• [RECORDS SUPPLIED]:
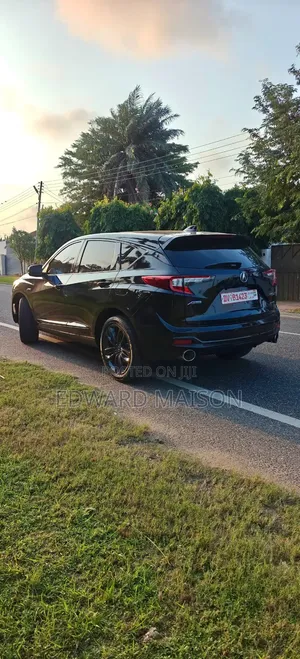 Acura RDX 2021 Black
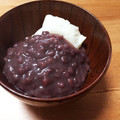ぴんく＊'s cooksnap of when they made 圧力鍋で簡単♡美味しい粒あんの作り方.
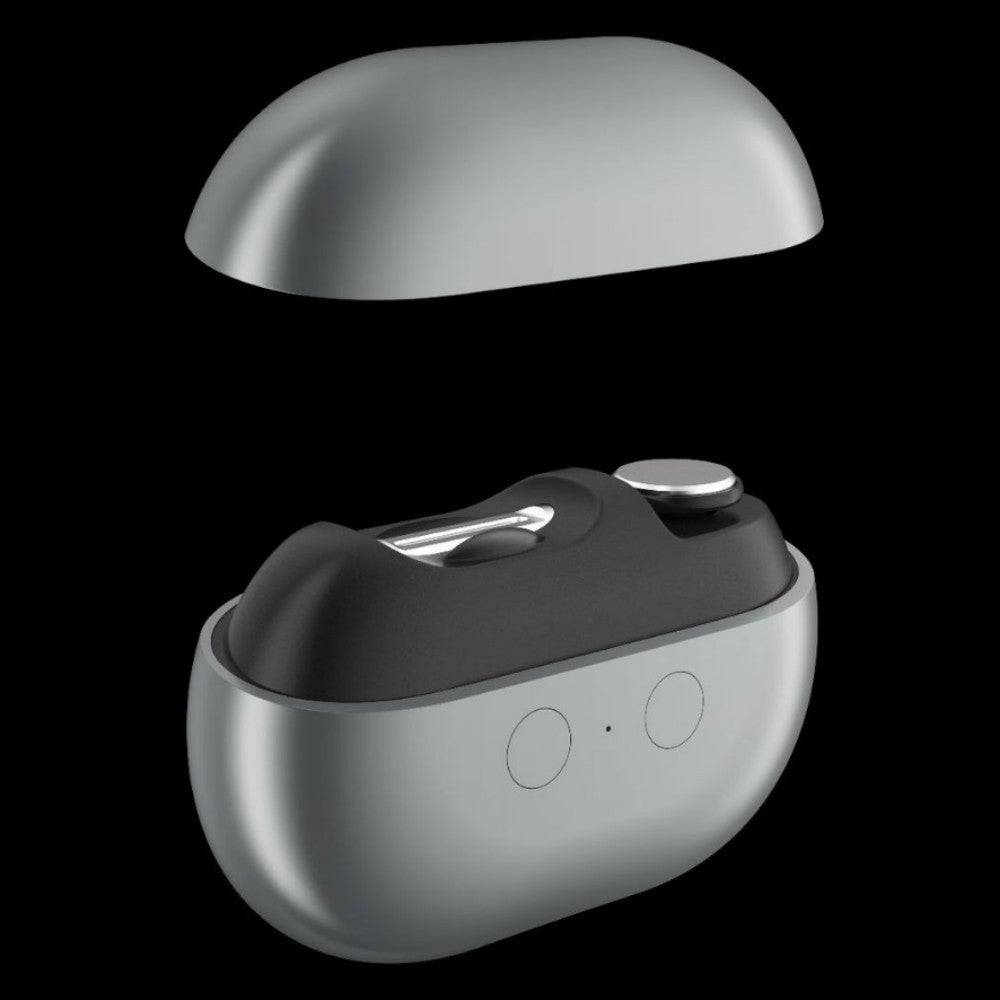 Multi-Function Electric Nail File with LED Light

--

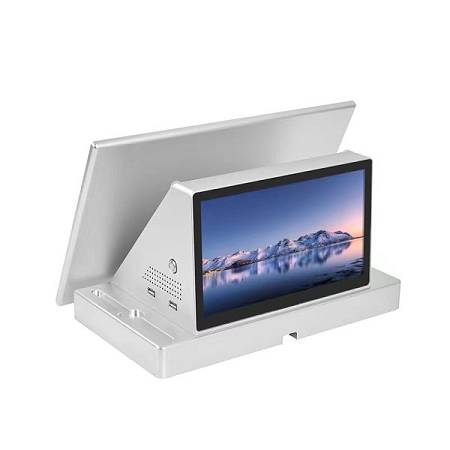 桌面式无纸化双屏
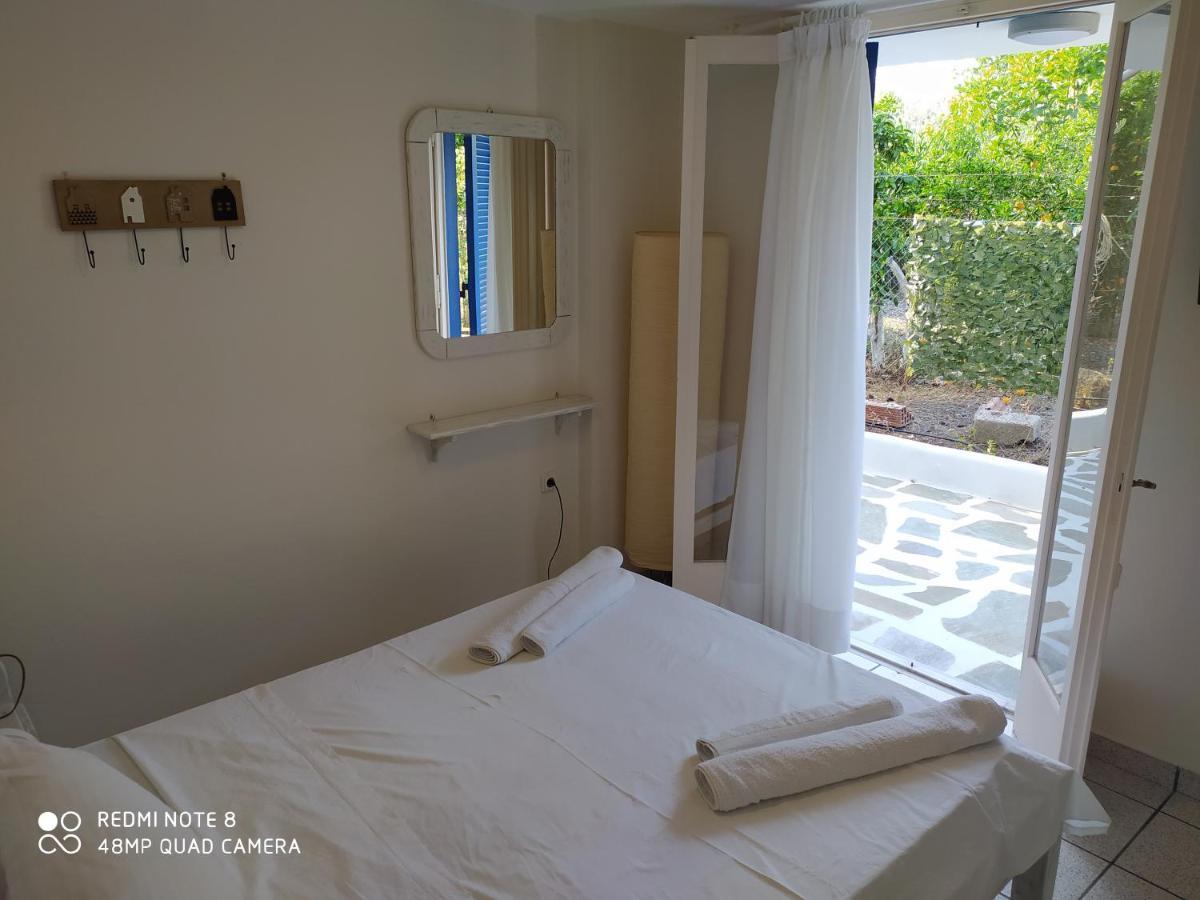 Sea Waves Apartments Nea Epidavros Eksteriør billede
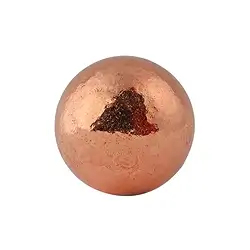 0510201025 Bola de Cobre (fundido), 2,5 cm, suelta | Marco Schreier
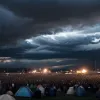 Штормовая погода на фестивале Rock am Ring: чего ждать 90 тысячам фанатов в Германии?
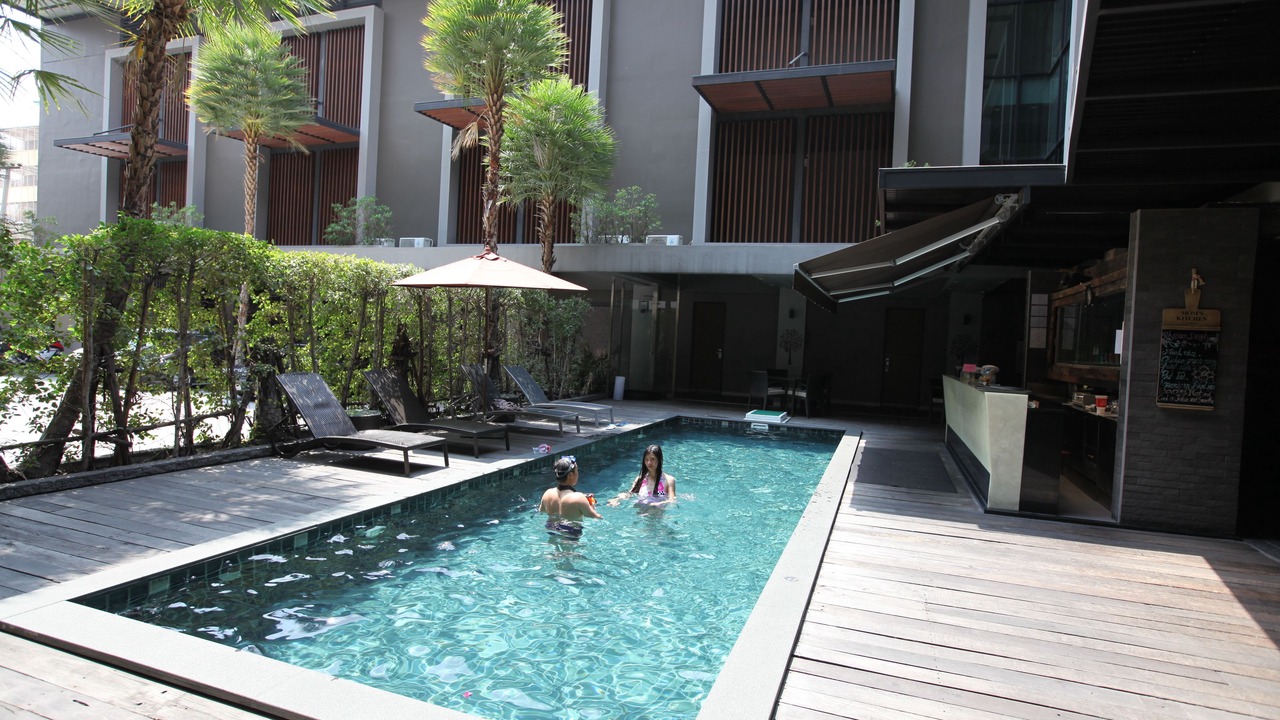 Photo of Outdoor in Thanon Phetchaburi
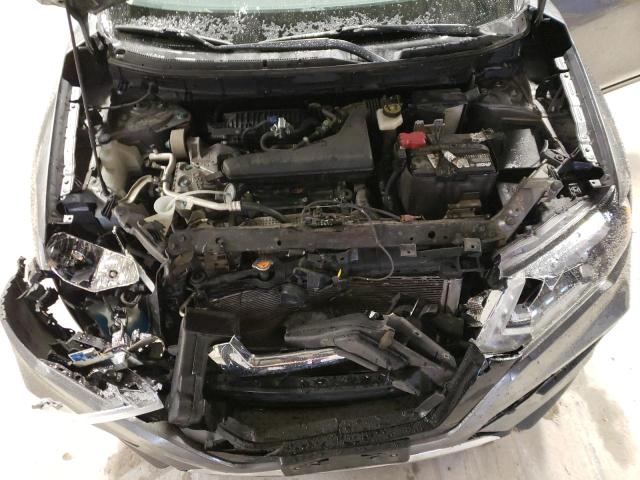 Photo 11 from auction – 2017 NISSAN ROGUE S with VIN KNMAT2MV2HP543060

* * *

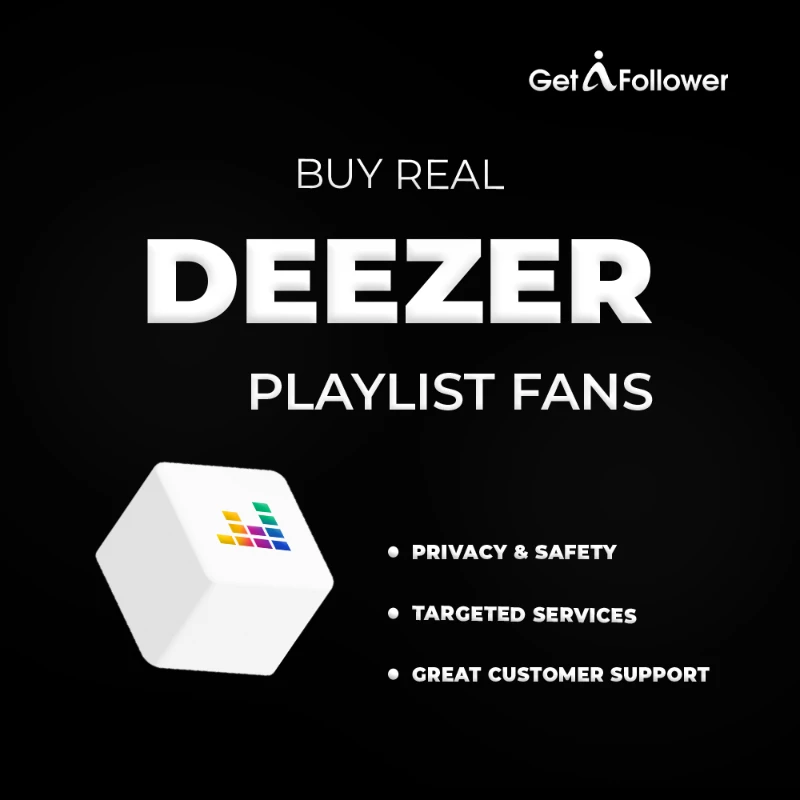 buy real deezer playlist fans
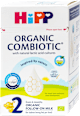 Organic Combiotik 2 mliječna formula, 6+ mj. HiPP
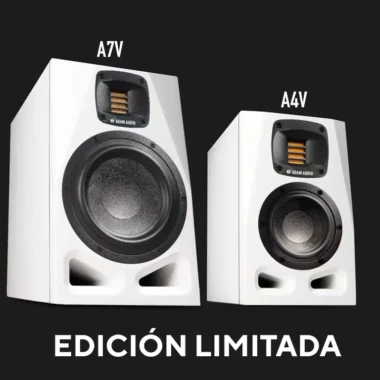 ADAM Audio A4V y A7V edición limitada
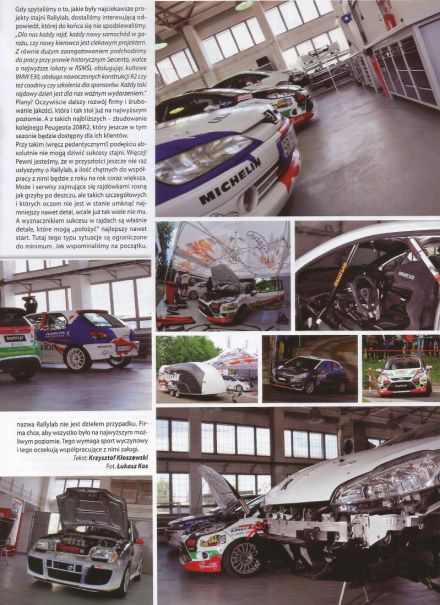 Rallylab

• [WHAT NEEDS TO BE DONE]:
Starting at the line that contains "ぴんく＊'s cooksnap of" and ending at the line that contains "Multi-Function Electric Nail", transcribe the material above exactly, excluding pictures.

• [EXERCISE ANSWER]:
ぴんく＊'s cooksnap of when they made 圧力鍋で簡単♡美味しい粒あんの作り方.
 Multi-Function Electric Nail File with LED Light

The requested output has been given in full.